Imponderable Irreverence Troubles Me

imp

Senior Member
Reverent means respectful, related to any circumstance, person, religious belief, etc. Irreverence, then, is lack of respect. I use it here concerning religious belief. Got acquainted with a really nice guy on a car forum. He lives in Northern Utah, and after exchanging emails several times, I realized what a decent, respectworthy person he is. He did not express religious preference until I asked. He is a Mormon.

He then revealed his suspicion that I might be essentially irreligious. I am. But not an atheist, or even agnostic, I would never stoop to telling anyone their personal belief was not acceptable to me. No matter what they believe.

What I am asking is, does a two-way street exist on this issue? Will I now, given my "revelation", lose my "friends"? I would hope not. Should one care to entertain friendship with another unaccepting of one, regardless of credo or belief?

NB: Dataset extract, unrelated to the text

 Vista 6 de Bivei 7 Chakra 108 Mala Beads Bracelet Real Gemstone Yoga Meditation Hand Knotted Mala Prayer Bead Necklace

Appreciate any thoughts along these lines. imp
 

I have been unfriended, in real life, not talking Facebook, by several religious people or at times treated differently, their loss, not mine for sure, as far as I'm concerned. Can't say it didn't bother me in some way, but, it is what it is. There are times and places I keep my views to myself to keep the peace being black and not religious well, that is about the worse thing one can be at most gatherings; I would rather just say all the praise the lords and act like I'm feeling the holy ghost than admit otherwise at any of my families and most friends get togethers these days. :D My close friends know my views and we don't go into it we just let each other be on the matter. When asked, I tell the truth about my views, I've never been one to back down or shy away from expressing how I feel, but, I'm getting more apprehensive in some circles to say anything these days fear some might get a fire going with the way they react out when you say you don't belong to a congregation and no thank you kindly for inviting me to join yours, but I'll pass.
 
I am a Secular Humanist and never attempt to convert anyone to my way of thinking and have friends that accept me without trying to convert me to their belief. Tolerance is the name of the game.
 

It depends on the individual you're dealing with. Some people can't accept another faith or lack thereof and some can. If you're dealing with someone who's objective is to convert you well then probably it's not going to go well. I lean towards Judaism, my hubby is lapsed Catholic, one son practicing Buddhist and one Agnostic. We're covered on all fronts.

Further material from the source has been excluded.